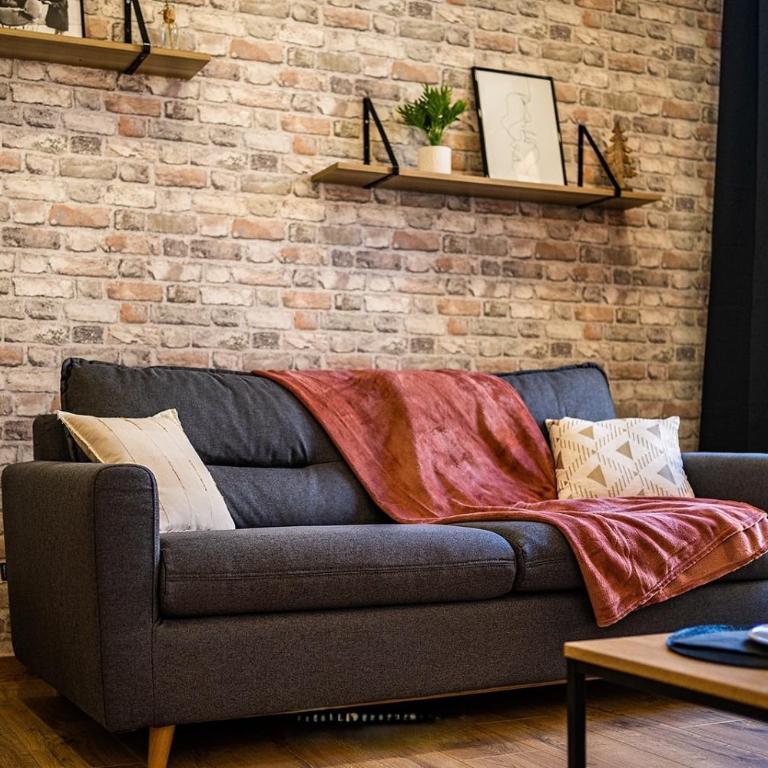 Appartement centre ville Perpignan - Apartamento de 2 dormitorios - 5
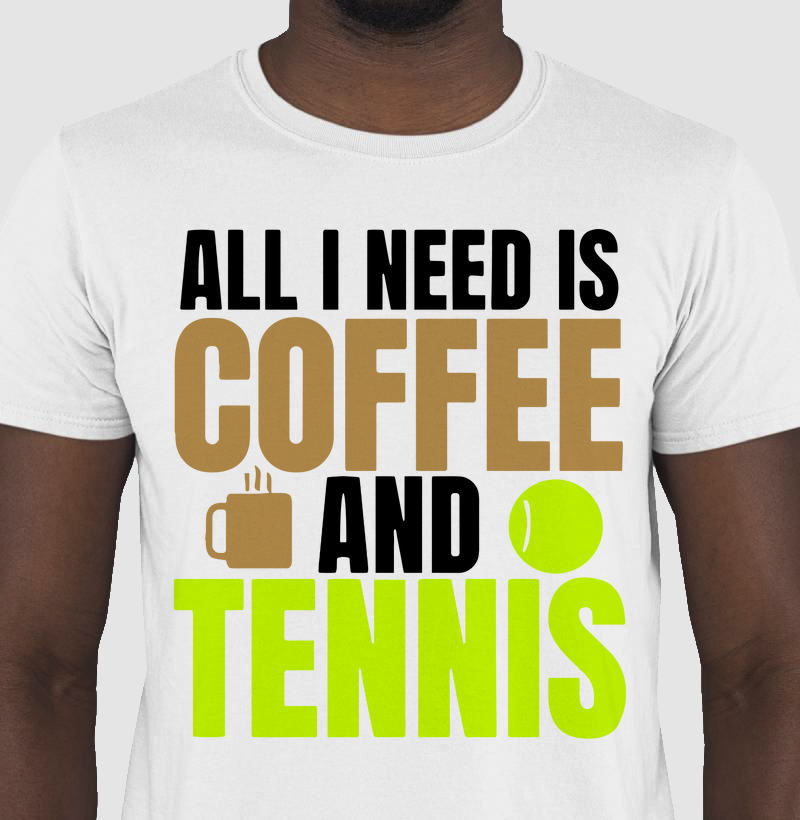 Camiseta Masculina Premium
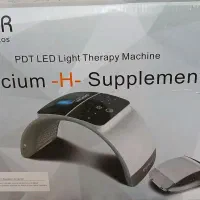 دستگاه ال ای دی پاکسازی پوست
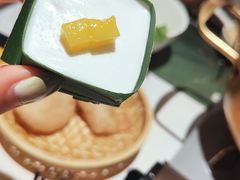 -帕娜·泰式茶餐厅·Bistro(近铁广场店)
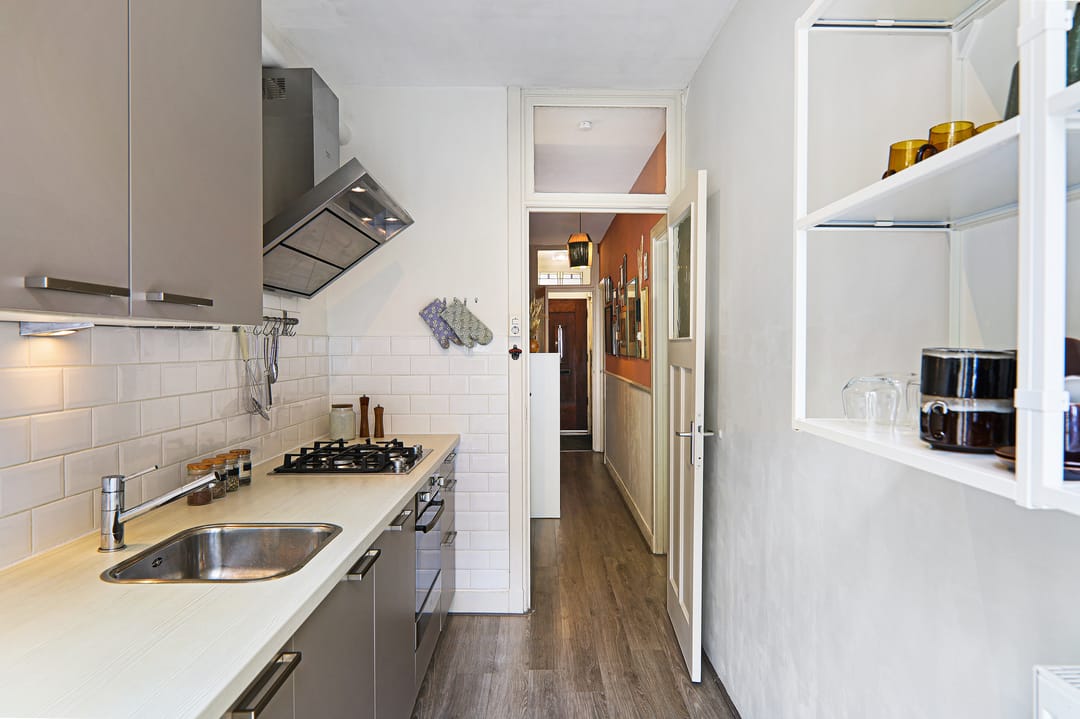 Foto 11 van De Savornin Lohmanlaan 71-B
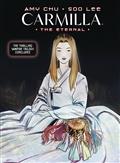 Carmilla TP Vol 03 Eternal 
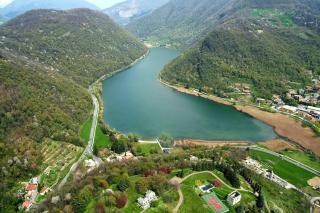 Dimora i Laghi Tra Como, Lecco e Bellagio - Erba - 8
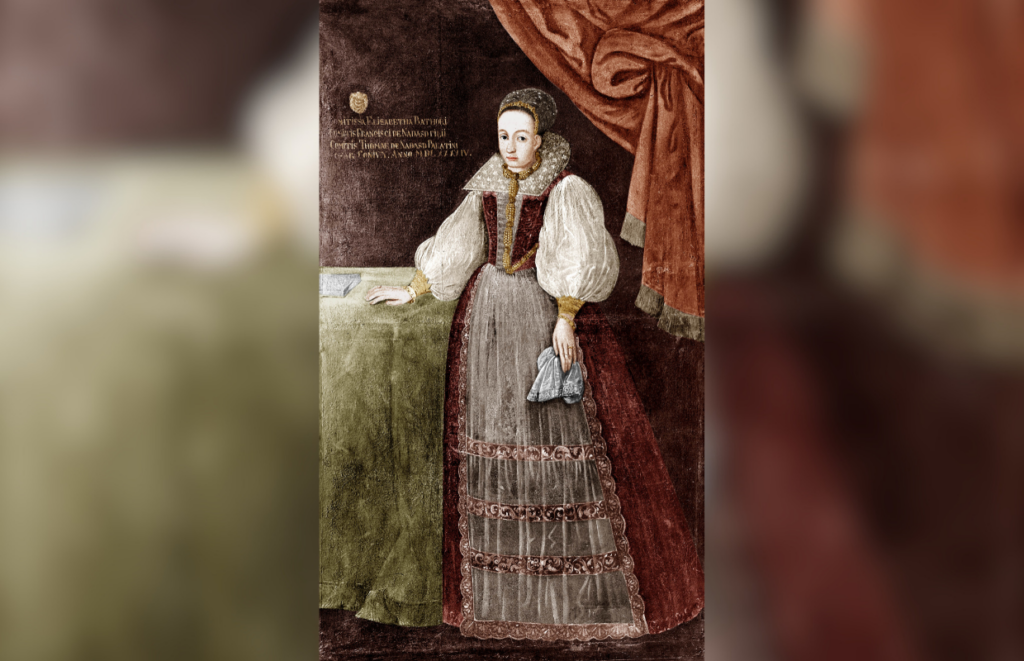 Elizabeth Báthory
____
Problem statement: A verbatim copy of every record is to be produced, and pictures are to be excluded from it.

Response:
 Appartement centre ville Perpignan - Apartamento de 2 dormitorios - 5
 Camiseta Masculina Premium
 دستگاه ال ای دی پاکسازی پوست
 -帕娜·泰式茶餐厅·Bistro(近铁广场店)
 Foto 11 van De Savornin Lohmanlaan 71-B
 Carmilla TP Vol 03 Eternal 
 Dimora i Laghi Tra Como, Lecco e Bellagio - Erba - 8
 Elizabeth Báthory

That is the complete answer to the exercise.